Pada rezim-rezim sebelumnya juga sama (the winner take all)
Kedekatan sosok yang terpilih menjadi Komisaris Independen di BUMN membuat persyaratan untuk menduduki jabatan tersebut, tidak terlalu ketat dan baku. Pendidikan atau keahlian khusus tidak terkesan tidak diperlukan.
Beberapa Komisaris Independen di BUMN adalah orang dekat kekuasaan, seperti Triawan Munaf yang pernah menjadi Komisaris Utama di PT Garuda Indonesia dan Abdee Negara (Komisaris Independen PT Telkom) adalah tokoh relawan Jokowi semasa Pilpres 2014 dan 2019. Emir Moeis adalah politikus PDIP yang sangat dekat dengan Megawati; mantan Komisaris Independen PT Garuda Indonesia yang kini berlabuh di Pelindo I Timbo Siahaan, adalah orang dekat Erick Tohir karena dia pernah menjadi pimpinan di JakTV di mana salah satu pemegang sahamnya adalah Erick Tohir.
Yenni Wahid memang bukan relawan Jokowi.

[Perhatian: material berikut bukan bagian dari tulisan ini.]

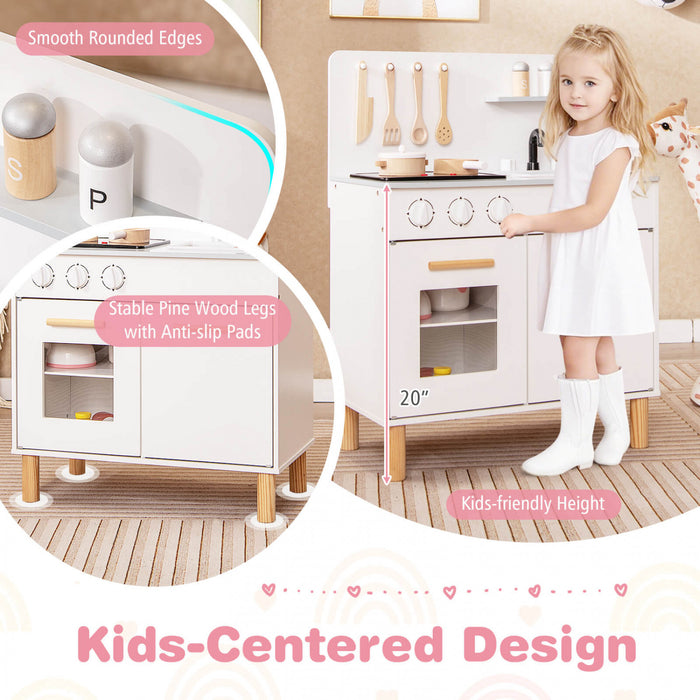Costway Kids Kitchen Playset With Light Up Stove & Cooking Sounds Oven Sink Faucet White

Tetapi ketika dalam Pilpres, dia dan keluarganya menyatakan mendukung Jokowi, itu merupakan dukungan yang sangat besar bagi Jokowi, mengingat Yenni adalah keturunan pendiri NU.
Jabatan menggiurkan
Komisaris Independen merupakan jabatan yang menggiurkan, karena penghasilannya sangat besar. Semakin besar perusahaan dan laba yang diperoleh, semakin besar pula gaji yang diterima oleh pejabat di BUMN, termasuk Komisaris Independen.
Sebagai contoh Gaji komisaris PT Garuda Indonesia per 31 Desember 2020 adalah sebesar US$ 745.030. Angka itu turun dari 31 Desember 2019 sebanyak US$ 944.191.
Dari data laporan keuangan BRI tahun 2020, Ari Kuncoro hanya menerima honorarium, tunjangan transportasi, premi asuransi purna jabatan, dan pakaian corporate. Walhasil, dengan perhitungan tersebut, total remunerasi untuk Ari Kuncoro tercatat sekitar Rp 1,9 miliar sepanjang 2020.
Abdee Slank disebut-sebut menerima Rp.11 milyar / tahun. Gaji dan renumerasi Ahok sebagai Komisaris Independen di Pertamina kabarnya mencapai Rp.3,2 milyar / bulan.
Menjadi Komisaris Independen di BUMN merupakan impian banyak orang. Apalagi di jaman susah begini, mendapatkan penghasilan ratusan juta atau milyaran per bulan bagaikan mimpi di siang bolong.
Namun gaji dan tunjangan yang besar – kabarnya mencapai Rp.200 juta lebih / bulan — tidak mampu menahan Yenni Wahid dari kedudukan yang diimpikan banyak orang itu. Hatinya teriris melihat perusahaan yang membayarnya mahal mengalami kerugian terus-menerus.
Seperti orang sedang makan, ia tak kuasa menelan makanan yang diperoleh dari kondisi menyedihkan. Hal itulah yang membuat tekadnya bulat untuk mengundurkan diri.
Yenny mengatakan, keputusan meninggalkan Garuda Indonesia memang bukan hal yang mudah. Ia mengaku sedih, namun pilihan untuk mundur perlu dilakukan agar membantu menekan biaya sehingga bisa menyehatkan kinerja keuangan perusahaan.
Bagi Yenni Wahid, uang besar bukan segala-galanya untuk memuliakan hidup. Ia memiliki standar moral sendiri dalam memperolehnya.